Patience is a Virtue
- Ashley Schnackenberg
- Aug 19, 2018
- 2 min read
It has become increasingly evident since the start of my research internship that one vital skill that each & every research scientist, no matter the field, must possess is PATIENCE. My life experiences won't allow me to presume that doing research is comparable to raising a child, but I will reach and claim that working in and out of the lab is similar to cultivating a needy plant (at least for us without green thumbs). Without patience, diliigence, some background knowledge, and a lot of time and effort, you will have little to show for your work.

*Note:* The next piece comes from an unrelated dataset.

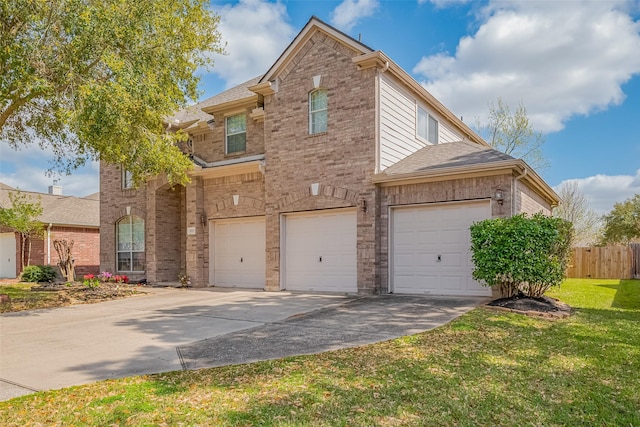 traditional-style house with a front lawn, fence, concrete driveway, an attached garage, and brick siding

Usually when I work on projects, I maybe bite off more than I can chew. But this usually works out in my favor, as I am also stubborn, and that means I can usually get what I want to get done done. I am now in unfamiliar territory, because I cannot purely muscle my way through a task but putting a few extra hours in here and there. Some days, I wait for my data curves to load on my server and tediously click on different chemical compounds to double check if their information is represented well by various computer programs for hours and hours at a time. And at the end of the day, the hundred of compounds and samples I have checked may not show much that seems conclusive to me, or they may not upload correctly onto the server, and it feels like a Sisyphean task.
Unlike Sisyphus, though, I am making progress. Slowly. And not necessarily the type of progress I anticipated, with fast and easily-interpreted results. But hopefully, with a little more patience, the work I am doing will serve to help my department make different methods of environmental sampling and analysis more commonplace.